• _What to produce_: Set down a faithful copy of every record, and skip the pictures in it.

╭──

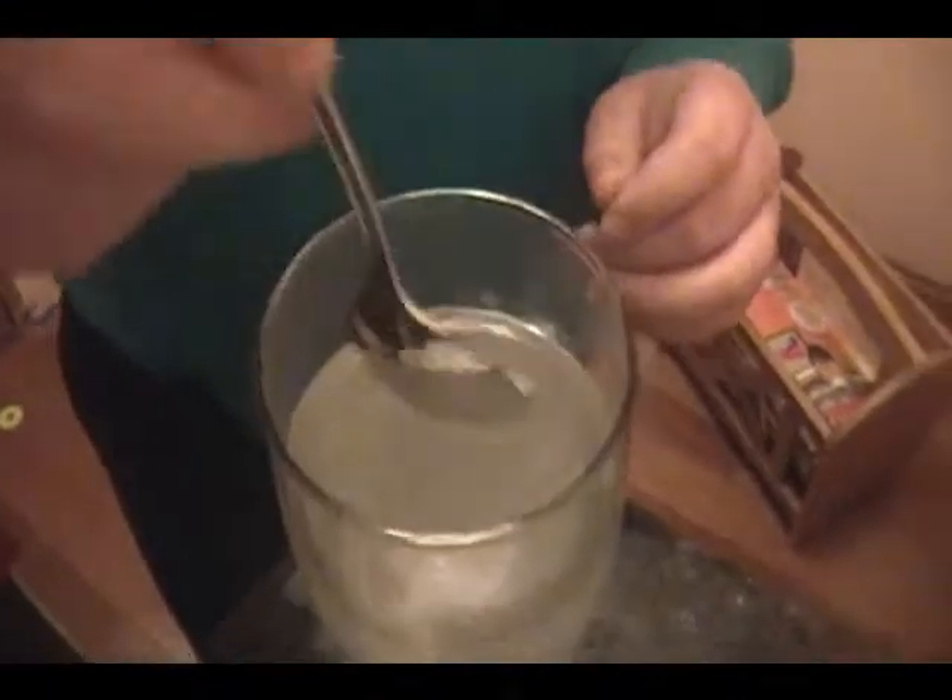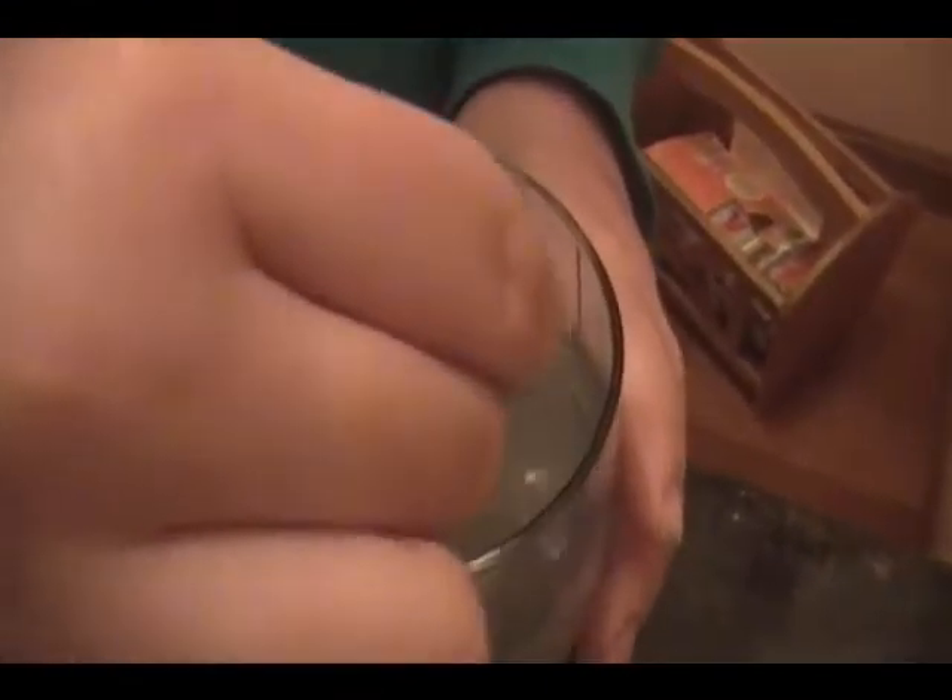I'm just going to add a little sugar, like about two, and then I'm going to use my tasting spoon to taste it. First stir it out. Too much — I need more sweet.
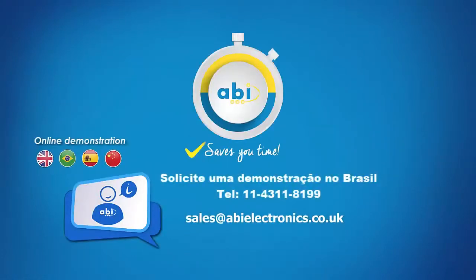Continue to learn more about the MIS-4 by watching our product overview video. To request a free online demonstration from ABI, please leave us a message below or send us an email to sales@abielectronics.co.uk.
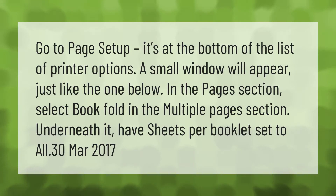Go to Page Setup — it's at the bottom of the list of printer options. A small window will appear. In the Pages section, select Book Fold in the Multiple Pages section. Underneath it, have Sheets Per Booklet set to All.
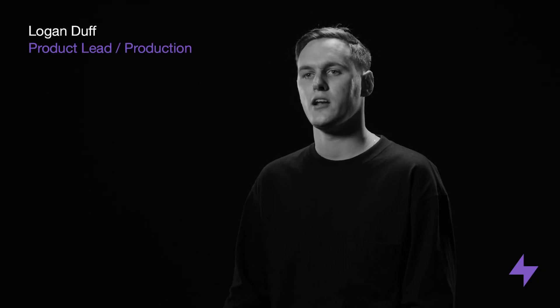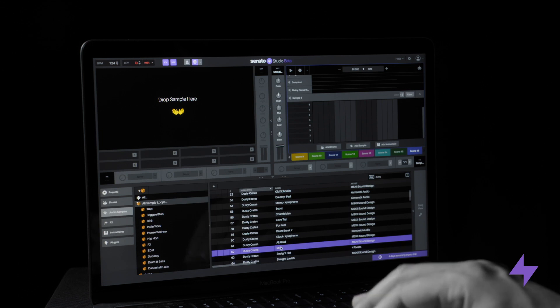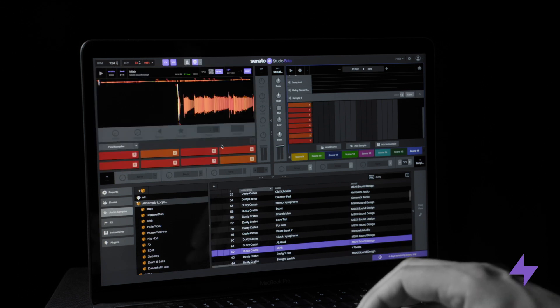Beta users can now also download the Dusty Crates pack. This is our latest pack and it's a good example of what you're going to be getting going forward with the subscription. This pack includes a whole bunch of instruments, drum kits, and samples.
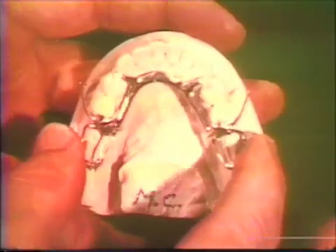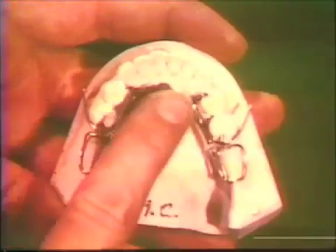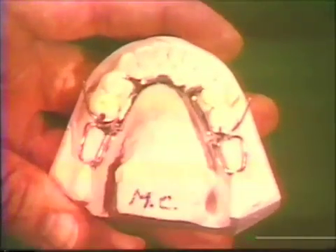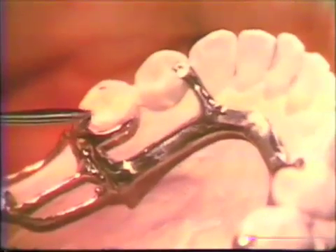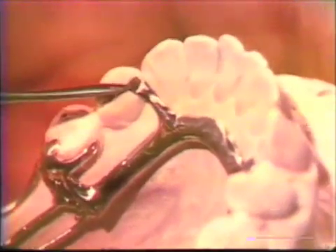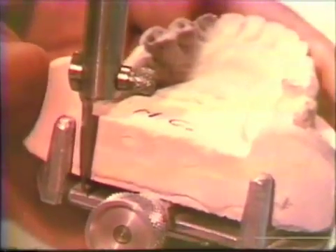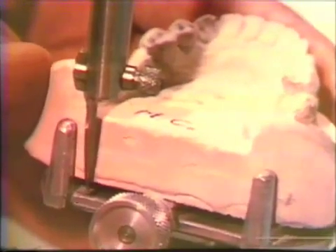Following these adjustments, the appliance should readily seat on the master cast. The positions of the occlusal rests are inspected to determine the accuracy of fit. The master model is now returned to the dental surveyor and positioned according to the original scored survey line.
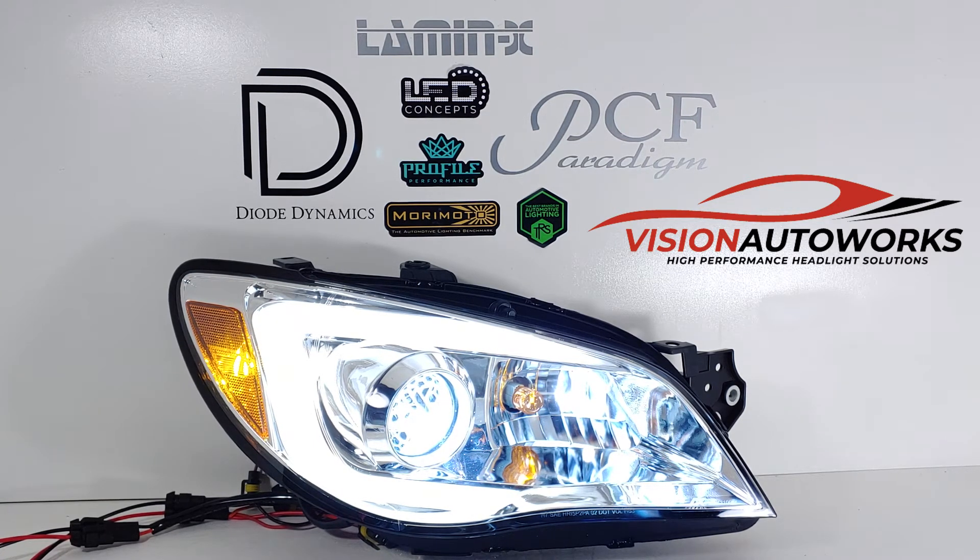The Matsushita ballasts are factory located under the headlights themselves, so it has a very OEM footprint. No need to tuck ballasts anywhere — they're mounted directly under the headlights. Really clean and simple OEM-plus build here.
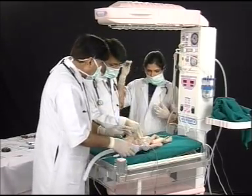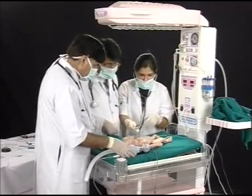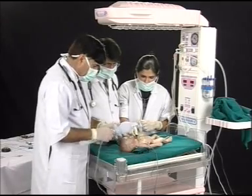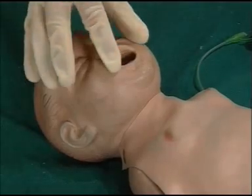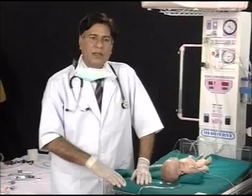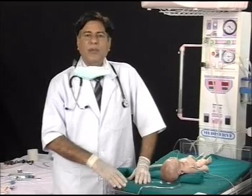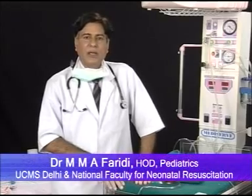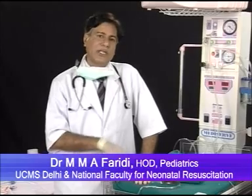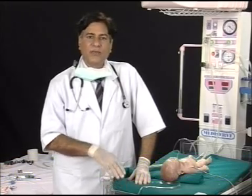Once the baby is spontaneously breathing and the heart rate is more than 100 per minute, check the color of the baby — seen in the mouth — and confirm the baby is pink. At this stage, all resuscitation efforts — bag and mask ventilation, chest compression, and medication — are stopped, and the baby is given free-flow oxygen.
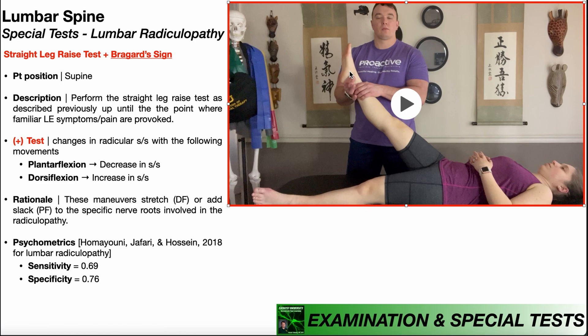So once I'm at the point where she's describing the radicular symptoms going down that lower extremity, I'm then going to take her talocrural joint and passively plantar flex it. That plantar flexion should relieve some of the tension, or put slack on those nerve roots, and that should decrease the radicular symptoms in that lower extremity. That would be consistent with a positive test.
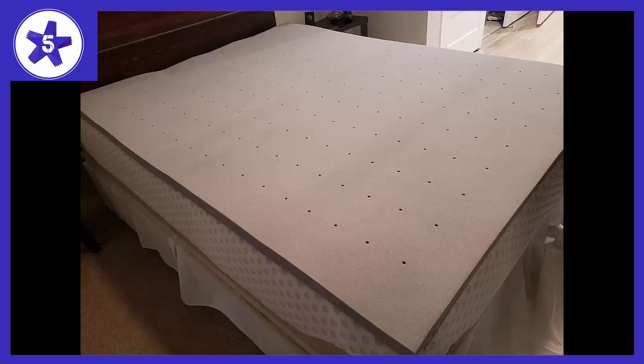We allowed it to expand and breathe for 48 hours and it was ready to go on our bed. We've been sleeping on it for 5 nights now. We were looking for a topper that would take pressure off shoulders and hips and had a little more give than our bed, and this one exceeds our expectations.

╰──

• _Answer section_:
I'm just going to add a little sugar, like about two, and then I'm going to use my tasting spoon to taste it. First stir it out. Too much — I need more sweet.
Continue to learn more about the MIS-4 by watching our product overview video. To request a free online demonstration from ABI, please leave us a message below or send us an email to sales@abielectronics.co.uk.
Go to Page Setup — it's at the bottom of the list of printer options. A small window will appear. In the Pages section, select Book Fold in the Multiple Pages section. Underneath it, have Sheets Per Booklet set to All.
Beta users can now also download the Dusty Crates pack. This is our latest pack and it's a good example of what you're going to be getting going forward with the subscription. This pack includes a whole bunch of instruments, drum kits, and samples.
Following these adjustments, the appliance should readily seat on the master cast. The positions of the occlusal rests are inspected to determine the accuracy of fit. The master model is now returned to the dental surveyor and positioned according to the original scored survey line.
The Matsushita ballasts are factory located under the headlights themselves, so it has a very OEM footprint. No need to tuck ballasts anywhere — they're mounted directly under the headlights. Really clean and simple OEM-plus build here.
Once the baby is spontaneously breathing and the heart rate is more than 100 per minute, check the color of the baby — seen in the mouth — and confirm the baby is pink. At this stage, all resuscitation efforts — bag and mask ventilation, chest compression, and medication — are stopped, and the baby is given free-flow oxygen.
So once I'm at the point where she's describing the radicular symptoms going down that lower extremity, I'm then going to take her talocrural joint and passively plantar flex it. That plantar flexion should relieve some of the tension, or put slack on those nerve roots, and that should decrease the radicular symptoms in that lower extremity. That would be consistent with a positive test.
We allowed it to expand and breathe for 48 hours and it was ready to go on our bed. We've been sleeping on it for 5 nights now. We were looking for a topper that would take pressure off shoulders and hips and had a little more give than our bed, and this one exceeds our expectations.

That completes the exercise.